South Africa’s power utility canceled plans to start rotating power cuts on Tuesday morning after households and businesses reduced demand, minimizing strain on the grid.
Eskom Holdings SOC Ltd., which provides 95 percent of the country’s electricity, had planned to force 1,000 megawatts of demand off the grid from 10 a.m. until 10 p.m. after three substations in Cape Town were vandalized and some unplanned breakdowns curbed supply capacity, it said earlier.
“Electricity demand has decreased significantly since the early warning notification was made,” the Johannesburg-based power utility said on its Twitter account.
Eskom sees a high probability of almost-daily cuts in Africa’s second-biggest economy until April after deferred maintenance led to more plant failures, it said on Jan. 15. The utility had 15 days of rolling blackouts last year, the first since 2008, and began them again on Jan. 9.

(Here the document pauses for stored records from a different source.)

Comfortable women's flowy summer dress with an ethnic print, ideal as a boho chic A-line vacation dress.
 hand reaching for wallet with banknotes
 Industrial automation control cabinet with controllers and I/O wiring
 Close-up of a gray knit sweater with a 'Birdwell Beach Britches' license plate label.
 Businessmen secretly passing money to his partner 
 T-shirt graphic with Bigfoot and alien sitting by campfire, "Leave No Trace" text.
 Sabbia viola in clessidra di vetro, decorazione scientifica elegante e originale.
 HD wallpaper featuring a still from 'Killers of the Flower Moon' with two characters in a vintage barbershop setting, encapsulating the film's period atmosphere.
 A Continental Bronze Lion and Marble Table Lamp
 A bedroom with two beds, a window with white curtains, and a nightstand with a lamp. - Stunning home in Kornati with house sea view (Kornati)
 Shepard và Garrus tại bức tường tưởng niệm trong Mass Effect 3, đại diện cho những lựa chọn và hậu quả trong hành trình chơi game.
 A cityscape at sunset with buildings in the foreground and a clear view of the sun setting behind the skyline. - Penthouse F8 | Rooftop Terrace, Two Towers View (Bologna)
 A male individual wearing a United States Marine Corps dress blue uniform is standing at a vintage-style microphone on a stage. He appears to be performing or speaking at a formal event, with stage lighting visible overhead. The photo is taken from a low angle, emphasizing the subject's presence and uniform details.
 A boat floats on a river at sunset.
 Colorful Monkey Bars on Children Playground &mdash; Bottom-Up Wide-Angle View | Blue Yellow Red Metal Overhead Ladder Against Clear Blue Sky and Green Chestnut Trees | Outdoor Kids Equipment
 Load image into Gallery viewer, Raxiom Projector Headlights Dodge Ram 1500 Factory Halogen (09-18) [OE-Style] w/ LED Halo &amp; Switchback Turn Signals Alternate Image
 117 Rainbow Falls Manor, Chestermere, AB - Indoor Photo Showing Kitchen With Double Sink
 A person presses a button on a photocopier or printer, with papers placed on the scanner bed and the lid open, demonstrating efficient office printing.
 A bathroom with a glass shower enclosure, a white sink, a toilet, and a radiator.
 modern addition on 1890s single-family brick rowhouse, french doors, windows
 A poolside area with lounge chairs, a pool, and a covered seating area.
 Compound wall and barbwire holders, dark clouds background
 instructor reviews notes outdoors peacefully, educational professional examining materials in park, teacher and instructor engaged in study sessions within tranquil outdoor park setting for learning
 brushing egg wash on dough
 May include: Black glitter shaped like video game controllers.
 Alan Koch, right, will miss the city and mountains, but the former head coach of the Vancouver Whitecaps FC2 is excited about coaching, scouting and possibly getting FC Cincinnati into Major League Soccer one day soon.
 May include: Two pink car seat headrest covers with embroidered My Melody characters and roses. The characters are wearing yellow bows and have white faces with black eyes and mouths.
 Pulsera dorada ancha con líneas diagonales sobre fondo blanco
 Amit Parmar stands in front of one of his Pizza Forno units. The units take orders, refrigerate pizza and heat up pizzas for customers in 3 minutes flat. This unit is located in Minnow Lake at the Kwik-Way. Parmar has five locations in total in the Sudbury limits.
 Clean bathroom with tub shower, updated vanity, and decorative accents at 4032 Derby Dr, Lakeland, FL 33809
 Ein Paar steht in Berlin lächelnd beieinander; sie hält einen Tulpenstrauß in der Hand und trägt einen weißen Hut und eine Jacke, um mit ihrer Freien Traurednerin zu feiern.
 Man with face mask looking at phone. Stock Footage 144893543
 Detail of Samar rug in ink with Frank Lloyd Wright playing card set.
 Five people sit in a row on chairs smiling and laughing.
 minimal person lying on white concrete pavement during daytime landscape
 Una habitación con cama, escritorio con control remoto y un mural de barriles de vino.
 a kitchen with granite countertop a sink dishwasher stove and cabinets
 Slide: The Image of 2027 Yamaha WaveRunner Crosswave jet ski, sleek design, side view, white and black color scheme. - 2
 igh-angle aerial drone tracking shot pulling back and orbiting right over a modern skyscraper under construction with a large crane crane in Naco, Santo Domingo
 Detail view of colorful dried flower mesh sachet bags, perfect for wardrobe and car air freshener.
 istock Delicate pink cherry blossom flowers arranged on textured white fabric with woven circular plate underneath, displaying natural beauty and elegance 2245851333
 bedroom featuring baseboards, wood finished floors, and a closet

The utility is struggling to keep the lights on after the country failed to invest adequately in generation in the 20 years after the first democratic elections in 1994 even as the government expanded supply to an extra 7 million people.
Unit 6 at Eskom’s 3,654-megawatt Tutuka plant had to be taken down because of a tube leak, while unit 6 at the 3,600-megawatt Duvha facility was offline for repairs to its oil cooler, Eskom said.
The first unit at the Koeberg nuclear power plant outside Cape Town, which went down after an earth fault on the generator transformer on Feb. 1, has yet to be returned to service.
“The power system remains constrained and will remain so for the rest of this week,” Eskom said.
Koeberg’s unit 1 will be halted for scheduled refueling and maintenance on Feb. 9, and will return to service at the end of May.